Your objective: Read the data, and whenever a line holds the word "Blue", report that line.

Brief descriptive captions
###

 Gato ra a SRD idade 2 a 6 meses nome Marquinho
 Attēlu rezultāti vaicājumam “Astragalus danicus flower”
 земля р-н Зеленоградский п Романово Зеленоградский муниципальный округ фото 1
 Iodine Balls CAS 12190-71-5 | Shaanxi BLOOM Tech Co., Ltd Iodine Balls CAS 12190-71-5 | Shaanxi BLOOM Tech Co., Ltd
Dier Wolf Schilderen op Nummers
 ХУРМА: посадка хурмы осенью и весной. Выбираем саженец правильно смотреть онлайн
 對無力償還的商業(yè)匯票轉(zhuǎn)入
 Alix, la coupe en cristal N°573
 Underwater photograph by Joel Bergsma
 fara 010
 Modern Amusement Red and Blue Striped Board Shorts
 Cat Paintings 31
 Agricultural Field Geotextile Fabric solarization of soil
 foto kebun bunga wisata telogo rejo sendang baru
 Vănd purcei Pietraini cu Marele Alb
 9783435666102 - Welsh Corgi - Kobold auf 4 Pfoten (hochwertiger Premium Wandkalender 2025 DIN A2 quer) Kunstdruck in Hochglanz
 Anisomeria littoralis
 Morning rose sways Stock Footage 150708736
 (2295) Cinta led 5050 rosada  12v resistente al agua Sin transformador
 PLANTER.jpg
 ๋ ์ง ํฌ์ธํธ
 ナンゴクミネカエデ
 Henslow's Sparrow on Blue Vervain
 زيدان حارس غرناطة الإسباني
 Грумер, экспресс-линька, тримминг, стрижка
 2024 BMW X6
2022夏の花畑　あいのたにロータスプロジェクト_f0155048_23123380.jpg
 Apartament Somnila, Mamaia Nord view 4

###

Solution to this problem:
 Modern Amusement Red and Blue Striped Board Shorts
 Henslow's Sparrow on Blue Vervain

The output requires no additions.